1Q FY13 PAT rose 4.1% yoy to RM35.8m, making up 23.8% of HLIB and consensus forecasts respectively (in line).

Deviations

None.

DPU

1Q FY13 DPU: 2.18 sen, in-line with our 8.62 sen forecast.

Highlights

Organic growth… in 1Q FY13. CMMT 5.7% yoy increase in NPI and 4.6% yoy increase in distributable income was underpinned by nearly-full occupancy rate of 98.7% across the four malls in Penang, Kuala Lumpur, Selangor and Kuantan.

Asset enhancement initiatives (AEI)… Recall that on 8th March, CMMT announced it would spend RM43.3m on the East Coast Mall (“ECM”), Kuantan. The AEI works entail improving the trade mix and increase retail space by converting some of the car park bays on the third floor and re-configuring some existing areas. The exercise is expected to be completed before the end of 2014.

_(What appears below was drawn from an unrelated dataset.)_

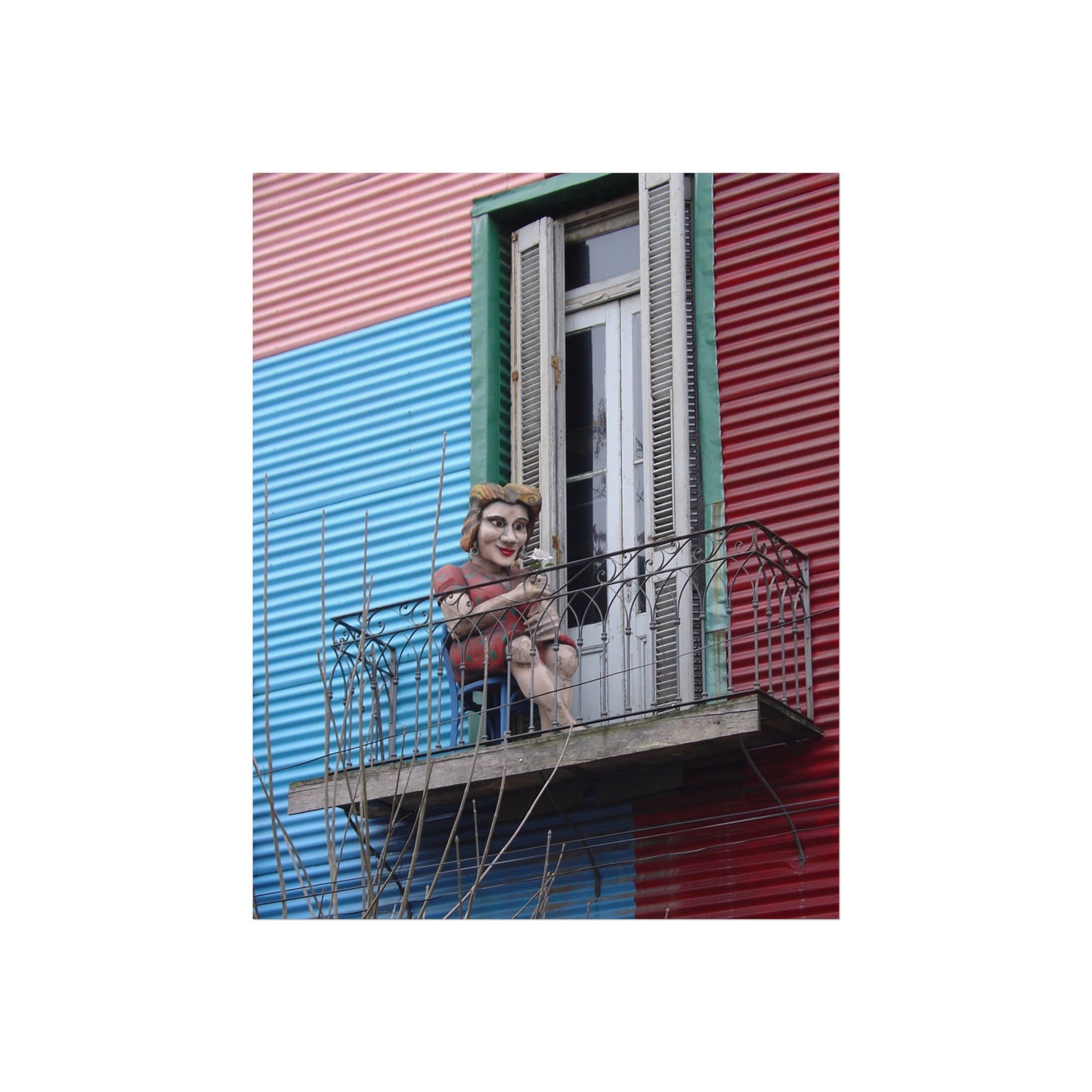 Lady of the Balcony — La Boca Fine Art Poster | "Argentinidad" Exhibition | Rômulo Fritscher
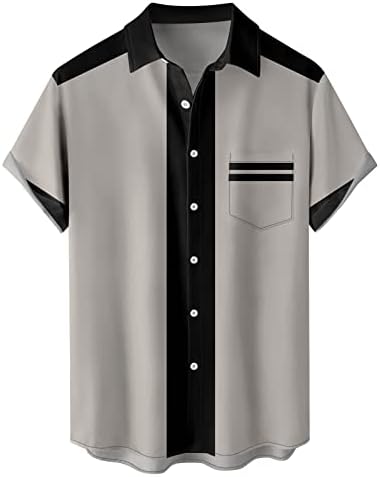 Yaz Erkek T Shirt Erkek Yaz Trendi Şerit Baskı Gömlek Kısa Kollu Düğme Gömlek Bluz Üst Gevşek Rahat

Reaping the rewards… CMMT appears to have already reaped some of the benefits, with 1Q rental reversion for ECM average at 14.8% (over the next three years). We believe there could be more upside to come given that 7% of ECM’s NLA is up for renewal in 2013.

Risks

Limited portfolio diversification (in terms of market segment as it is pure retail) and internal pipeline; intensifying competition; exposure to rising inflation.

Forecasts

Maintained.

Rating

Maintain HOLD

  • Positives: Imports best practices from the CapitaLand Group; beneficiary of positive macro economic conditions.
  • Negatives: Highly specialised portfolio makes CMMT the most sensitive M-REIT to adverse changes in the retail segment.

Valuation

Maintained at RM1.77 (based on 4.8% DY). Given that we do not regard current yield compelling, we maintain our HOLD rating.